Verlauf einer Armlähmung
Der Verlauf einer Armlähmung ist individuell unterschiedlich und hängt von der Ursache, dem Schweregrad und der Effektivität der Therapie ab. In einigen Fällen können sich Lähmungen spontan zurückbilden oder verbessern. In anderen Fällen bleiben dauerhafte Lähmungen bestehen, die jedoch durch intensive Therapie kompensiert werden können.
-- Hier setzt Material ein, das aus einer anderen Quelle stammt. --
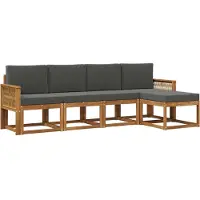 vidaXL Ensemble de canapés d'extérieur , 5 pièces, en polyester, couleurs : naturel et anthracite
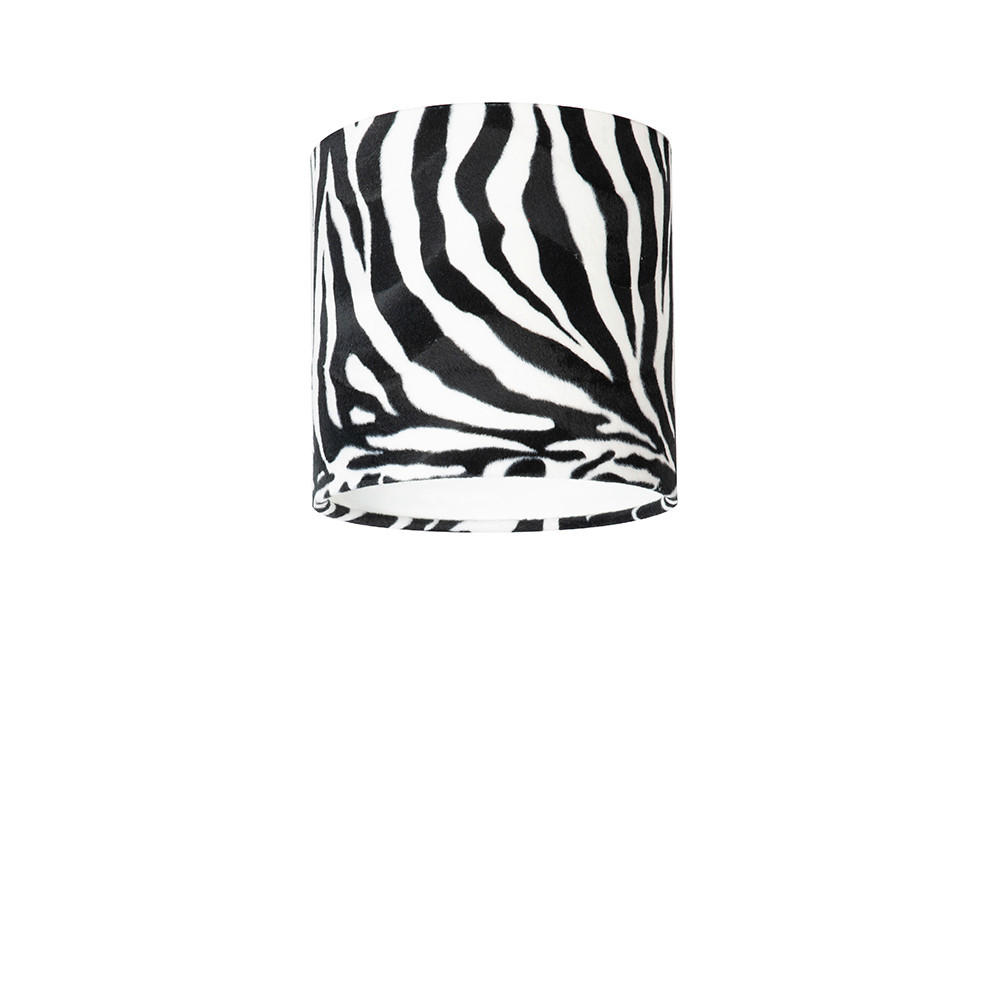 LEUCHTENSCHIRM Velour 25/23 cm   - Schwarz/Weiß, Basics, Textil/Metall (25/23cm)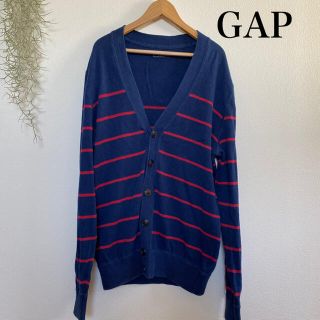 ギャップ(GAP)のGAP レディース ネイビー系 ボーダー オーバーサイズ カーディガン Sサイズ(カーディガン)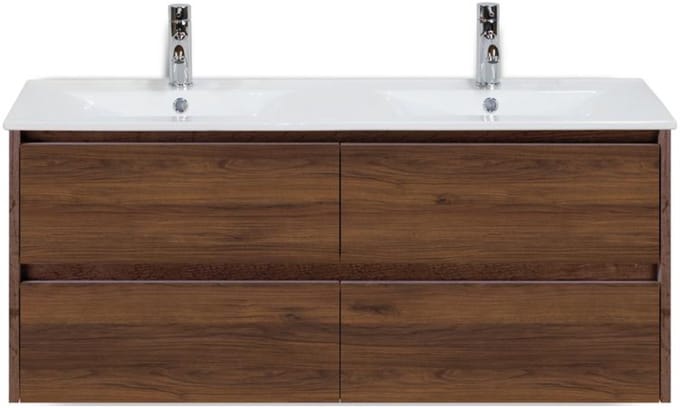 Dante Badmeubelset 120 cm - Walnoot - Keramische Wastafel Wit Enjoy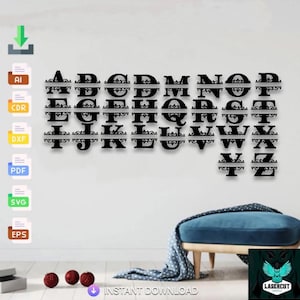 May include: Black laser-cut alphabet letters, each with a decorative flourish, are mounted on a white wall. The letters are split horizontally. The image includes the text "INSTANT DOWNLOAD" and various file type icons.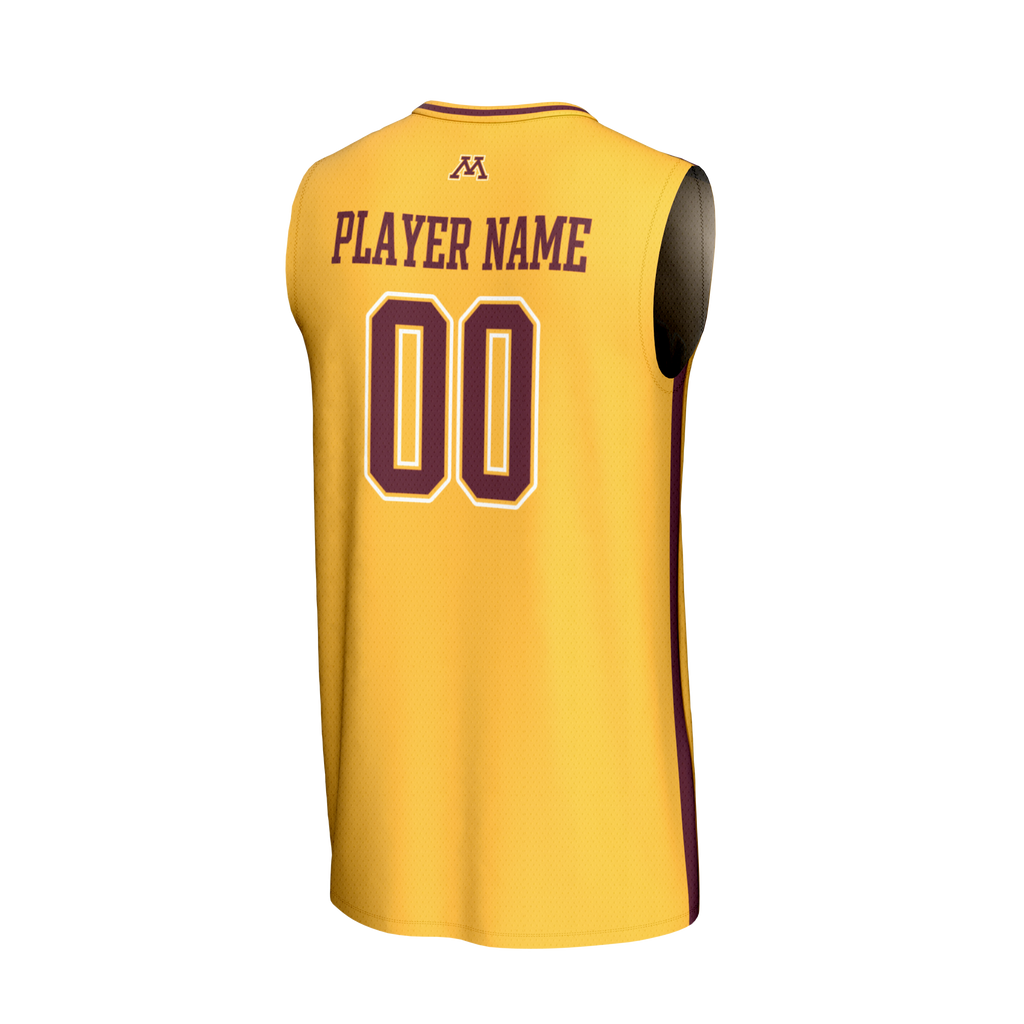 Minnesota Golden Gophers NIL Pick-A-Player Lightweight Basketball Fashion Jersey - Gold product image 4, provided for visual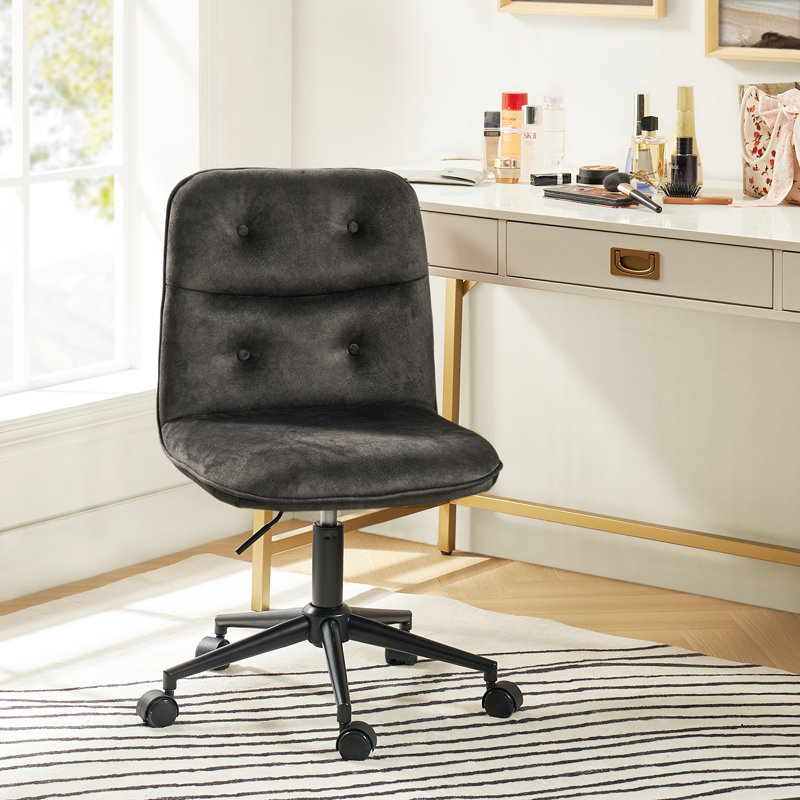 Chaise de travail pivotante rembourrée sans dossier Samar, Gris anthracite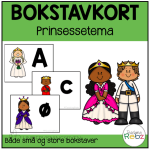 Bokstavkort – Prinsessetema – Store og små bokstaver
Kann die Ursache der Nervenschädigung nicht behoben werden, kommt es durch die fortdauernde Lähmung meist zum Abbau von Muskelmasse (Atrophie). Abhängig vom Ausmaß der Parese tritt bei zentralen Schädigungen aufgrund der fehlenden Kontrolle durch das Gehirn im Rückenmark im Verlauf zusätzlich eine Spastik (erhöhte Muskelspannung) auf.